6. Our tree has many such water conduits. The closer you get to the bark, the more of those conduits there are, and also the more radial at one point. That is why the bark of a tree is usually more of a depository for liquid mixtures. You will find in the bark the sponginess of the heart, the stringiness of the wood, and a great variety of other components mixed in, which ascend separately on the inside of the tree in the different tubes and then reach their particular purpose in the formation of either one or the other part of the tree. Here we have a much clearer secondary center of gravity before us, through which the former condition of the vital fluids of a body pass over into another and achieve things entirely new; and this may easily be seen when you examine a tree that has been cut directly across.
7. The different rings are also known as annular rings; the softer, white alburnum which is in between those rings, and the rays emanating from the center to the bark, attest to the effect of the secondary centers of gravity. These are indeed after-effects of a main stimulus; their approximate location in the tree is where the nuclei of all roots and branches join the main nucleus of the trunk. That is also where the seat of the main center of gravity, or heart of the tree, is located. An injury to the heart would irrecoverably cause death to the tree.
8. In such a manner as this the different effects are caused; the same applies to the Earth, only on a much greater scale. As in a tree from whose heart countless canals ascend, and as from the nucleus of a tree a multitude of even smaller cross-tubes run off and continually break through countless ascending canals, so it is in the body of the Earth. The closer the organs are to the heart, the larger they are.

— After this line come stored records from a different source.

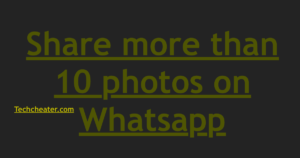 Cydia tweak to Share more than 10 photos on Whatsapp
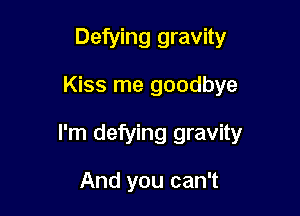 Defying gravity

Kiss me goodbye

I'm defying gravity

And you can't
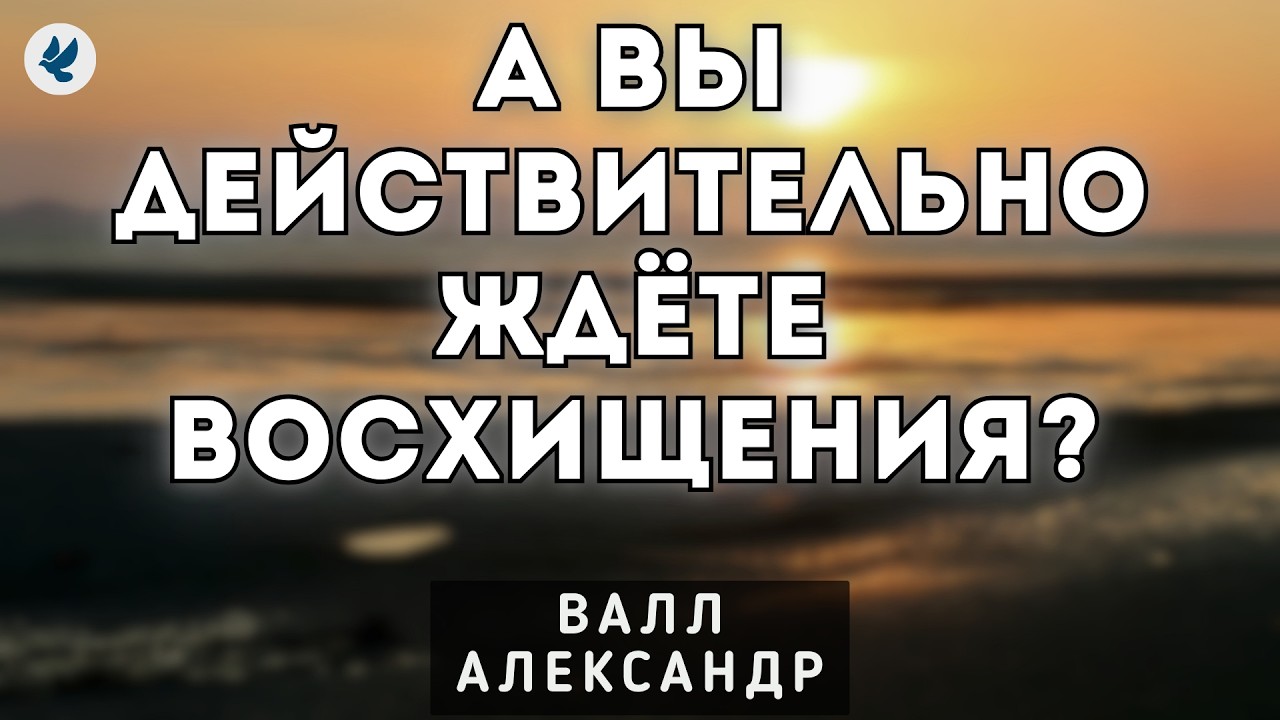 А вы действительно ждёте восхищения? Валл А.Г. Проповедь МСЦ ЕХБ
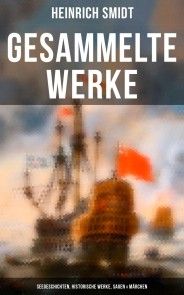 Gesammelte Werke: Seegeschichten, Historische Werke, Sagen & Märchen Foto №1
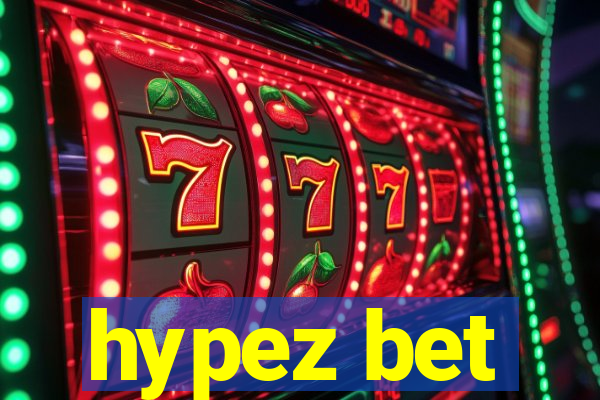 hypez bet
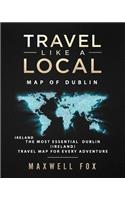Travel Like a Local - Map of Dublin: The Most Essential Dublin (Ireland) Travel Map for Every Adventure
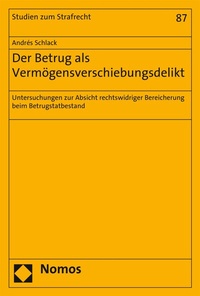 Abbildung von: Der Betrug als Vermögensverschiebungsdelikt - Nomos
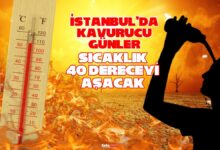 istanbulda kavurucu gunler 40 dereceyi asacak sicak hava dalgasi kapiya dayandi BxeRIC7d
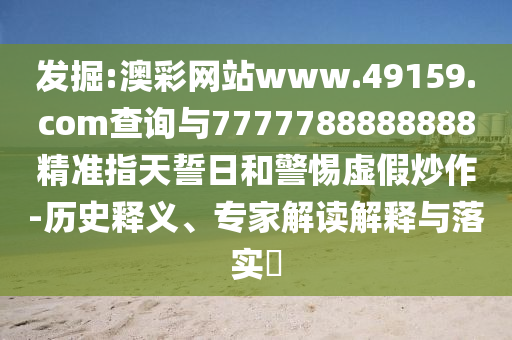 發(fā)掘:澳彩網(wǎng)站www.49159.соm查詢與7777788888888精準(zhǔn)指天誓日和警惕虛假炒作-歷史釋義、專家解讀解釋與落實(shí)?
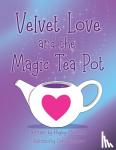 Matthews, Hayley - Velvet Love and the Magic Tea Pot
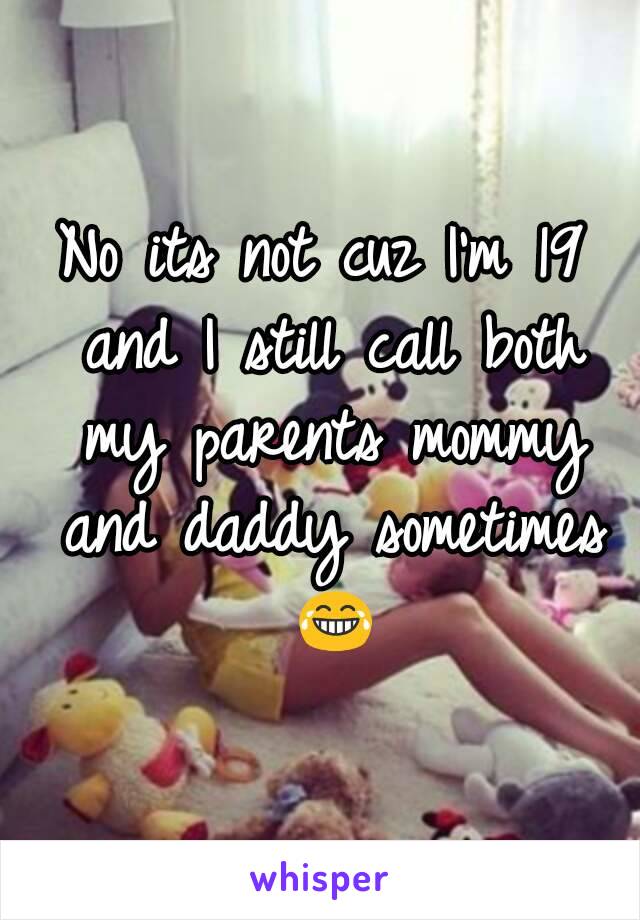 No its not cuz I'm 19 and I still call both my parents mommy and daddy sometimes 😂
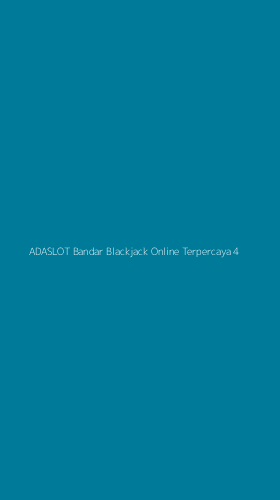 Tampilan Antarmuka Aplikasi Adaslot Bandar Blackjack Online Terpercaya - 4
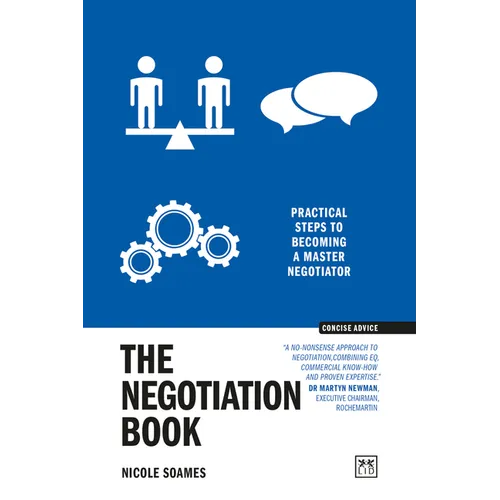 The Negotiation Book: Practical Steps to Becoming a Masterful Negotiator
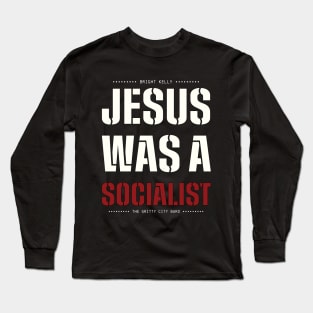 Jesus Was a Socialist Long Sleeve T-Shirt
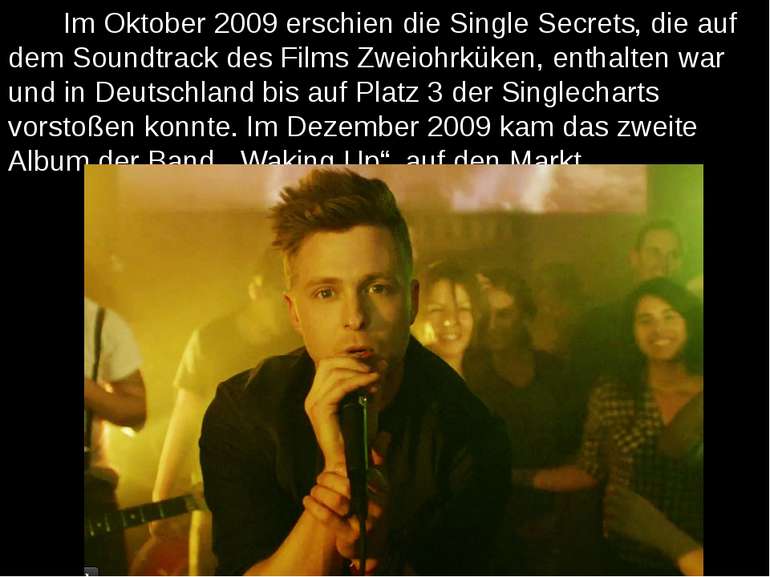 Im Oktober 2009 erschien die Single Secrets, die auf dem Soundtrack des Films...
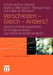 Verschieden - Gleich - Anders?: Geschlechterarrangements Im Intergenerativen Und Interkulturellen Vergleich by Schahrzad Farrokhzad, Markus Ottersbach, Michael Tunc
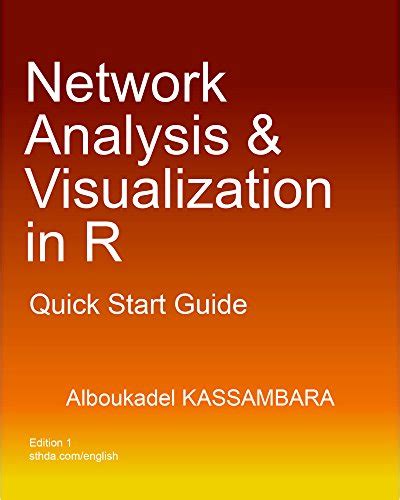 Network Analysis and Visualization in R: Quick Start Guide eBook ...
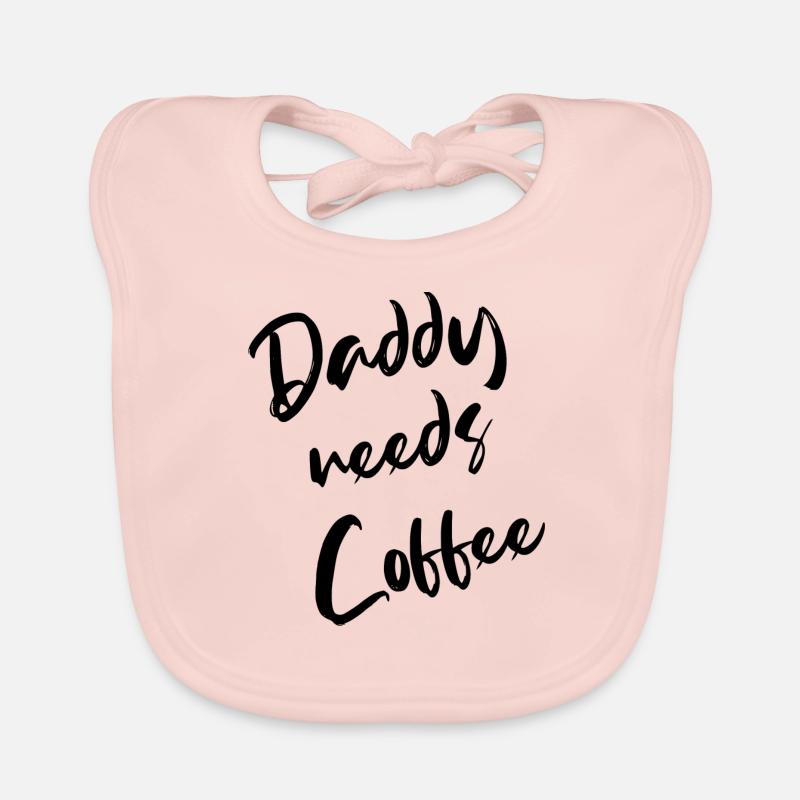 daddy needs coffee Papa braucht Kaffee Papa to be Baby Bio-Lätzchen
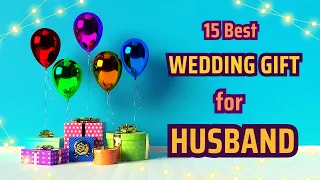 15 Best Anniversary Gift for Husband | Wedding Gift for Husband | Gift for Husband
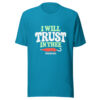 I Will Trust In Thee Graphic Tee mockup 2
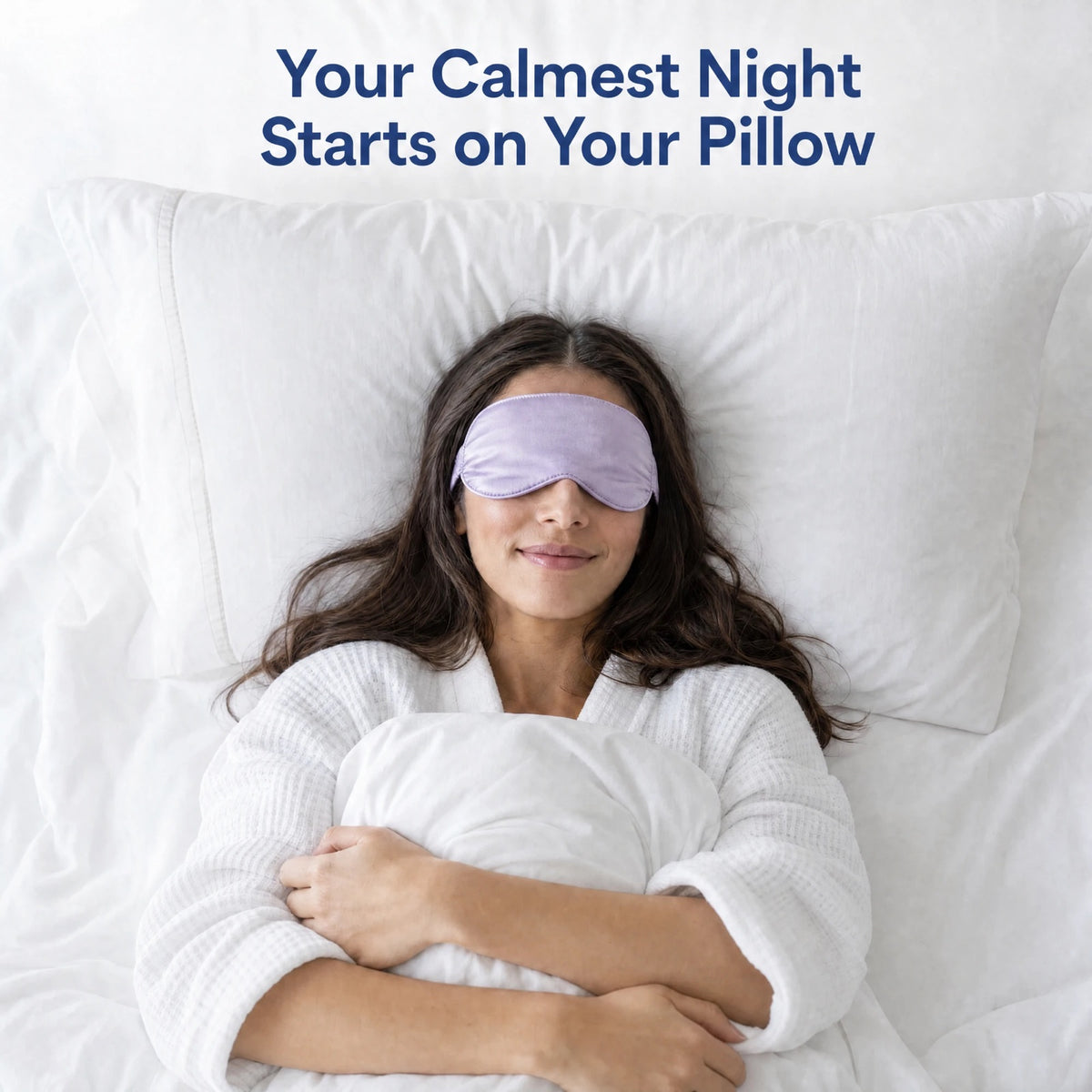 Your calmest night starts on your pillow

The farther they are from the heart, the smaller they become, and they are also considerably more branched out. By this description you will understand how the three parts of the Earth are connected with one another, and how the main center of gravity of the Earth works through the countless canals and their numerous intersections right to the surface, and how multiform the secondary centers of gravity are structured and equipped.
9. Now, from whence does the heart of the Earth receive the various fluids (that is, those which it initially moves through the progressively larger canals)? Not until they reach the intersections of the canals are they mixed into a second kind of mixed liquid. The closer they travel to the surface, the more mixed they become. The following may be said in answer to this: a tree does not absorb anything other than the raindrops and the dew through its rootlets, but I have assigned chemists to its heart and stomach who understand how to filter and process the absorbed liquids thoroughly. Even if fluids arrive in the heart of the Earth as very simple substances, there the local chief chemists will carefully process them in the proper proportions. From there they are directed and carried through the appropriate canals, so that not one drop too much or too little of one or the other substance reaches its destination.
10. How this is accomplished cannot be explained in physical terms, but it can be explained spiritually, and we shall come back to this later. That is why no one should ask of what matter these prime substances are made in respect to Nature and then presume them to be carbon or oxygen, because in prime substances (It is to be understood that the term “Prime Substance” is a philosophical one; accordingly “the soul” is primarily an existing substance. - ED.) there is very little material matter. The soul of an animal as well as that of a human being is substantial, and beyond that there is very little carbon and oxygen in the body.